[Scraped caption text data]
• • • •
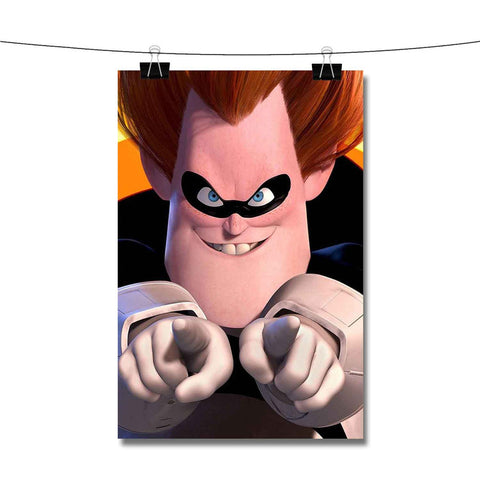 The Incredibles Syndrome Poster Wall Decor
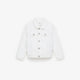 Plain serged jacket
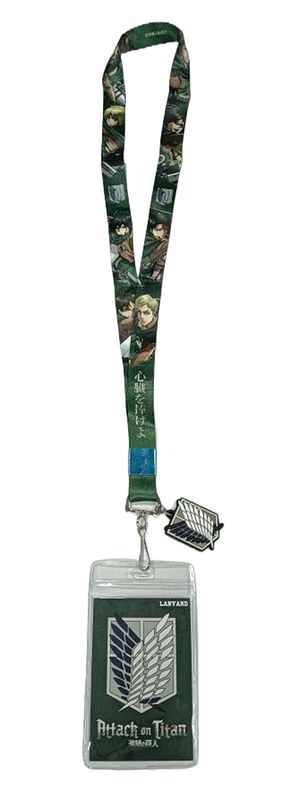 ATTACK ON TITAN - SCOUT REGIMENT GROUP 01 LANYARD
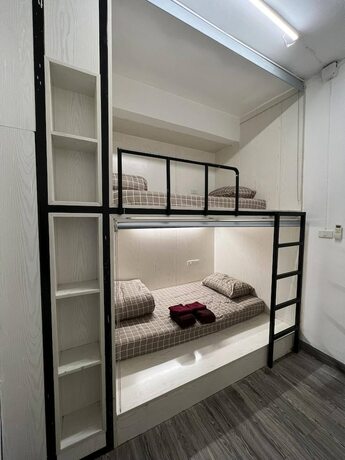 Imagen de la habitación del Hotel comfy crib hostel. Foto 11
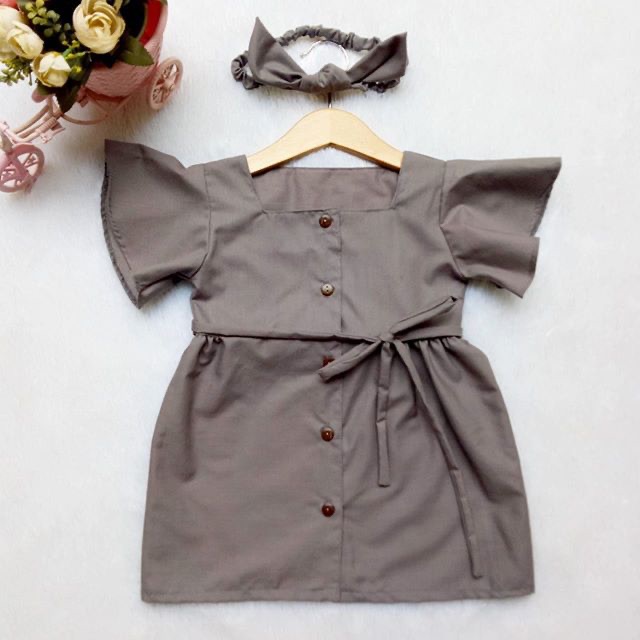 Baju Bayi Vanesa Dress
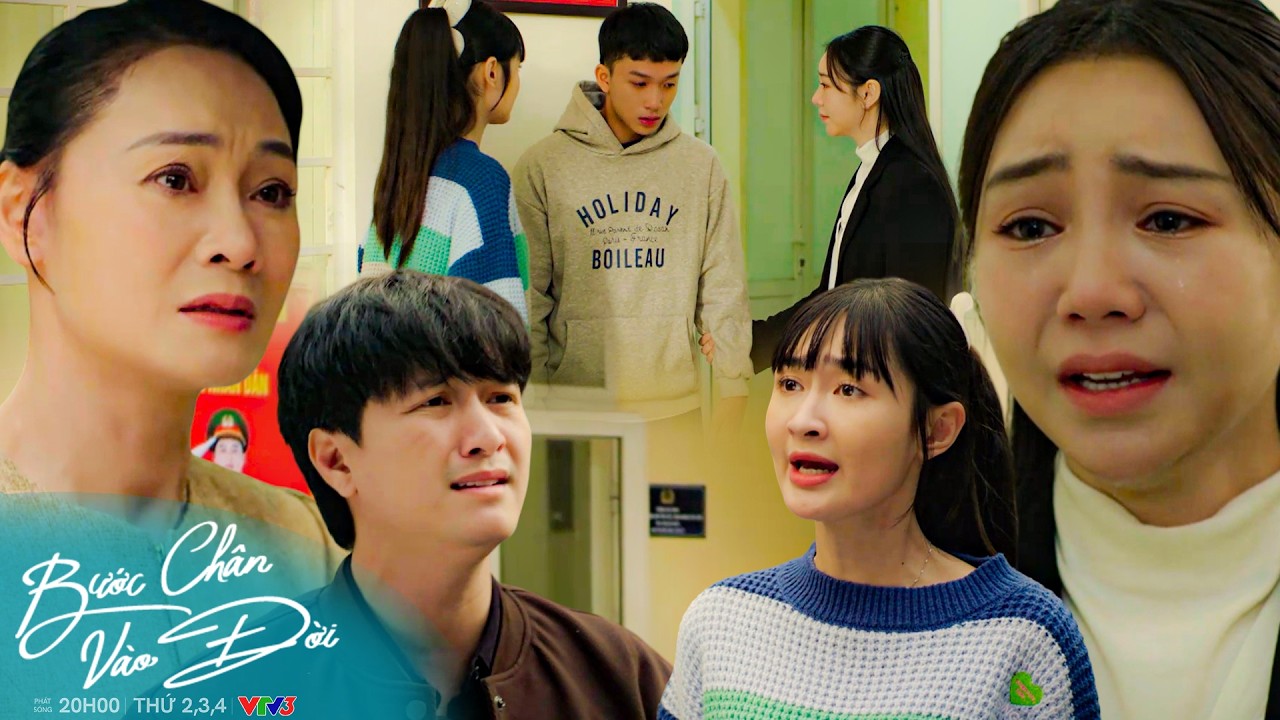 Bước Chân Vào Đời Tập 11 | Minh bị bắt lên đồn vì đập phá xe của Phú Bà khiến cả nhà hoảng loạn!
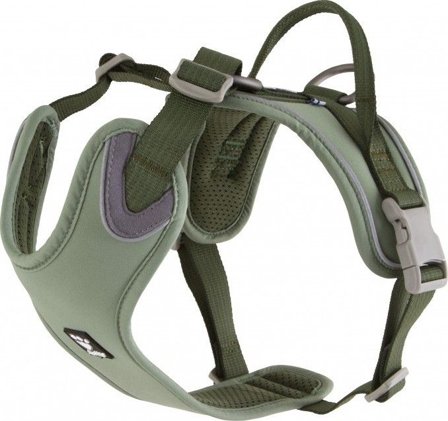 Hurtta Weekend Warrior Eco valjaat, vihreä 60-80 cm - Hurtta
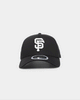 New Era San Francisco Giants 'Glow In The Dark Team Logo' 9FORTY A-Frame Custom Snapback Black/Glow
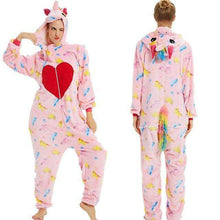 Load image into Gallery viewer, Adult Unisex  Pajamas Sets One Piece Cosplay Christmas Costume Girl Boy Onesie Winter Sleepwear Dinosaur Halloween Gift PJS - Ole Misc.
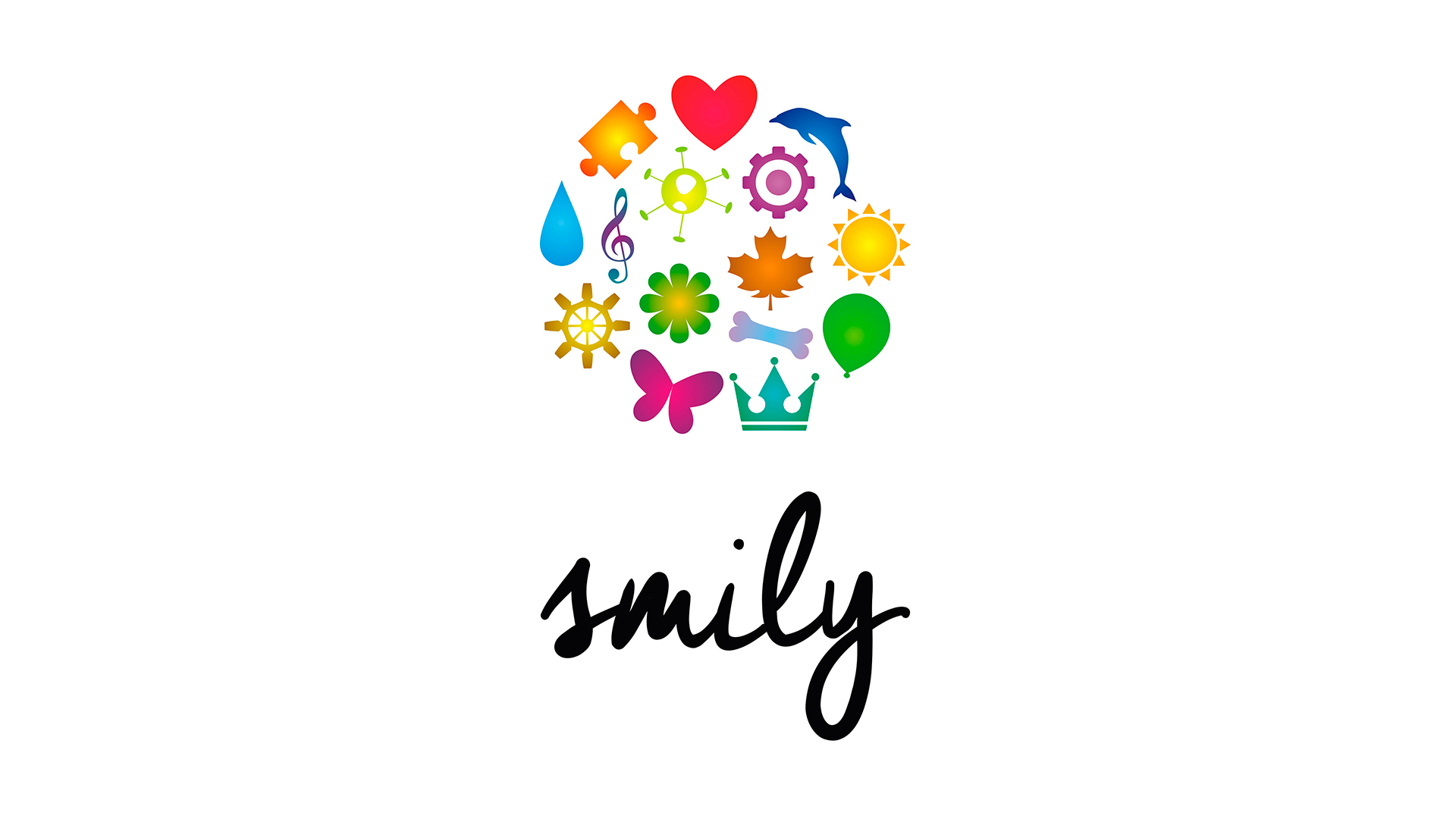 SMILY ANIMACIÓN INFANTIL - Logotipo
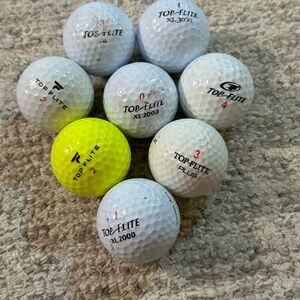 Top-Flite Golf Balls Set 8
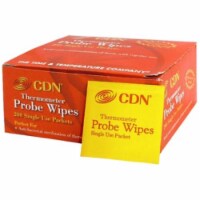 CDN PW200 Thermometer Probe Wipes Packets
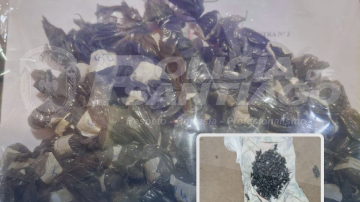 Allanaron en la casa de “Hueso” y secuestraron más de 100 bagullos de marihuana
• • • •
#### Work to complete
Pictures do not belong in the copy. Repeat only the lines from the top of the records through the line containing "Baju Bayi Vanesa Dress".

#### Response
 The Incredibles Syndrome Poster Wall Decor
 Plain serged jacket
 ATTACK ON TITAN - SCOUT REGIMENT GROUP 01 LANYARD
 Imagen de la habitación del Hotel comfy crib hostel. Foto 11
 Baju Bayi Vanesa Dress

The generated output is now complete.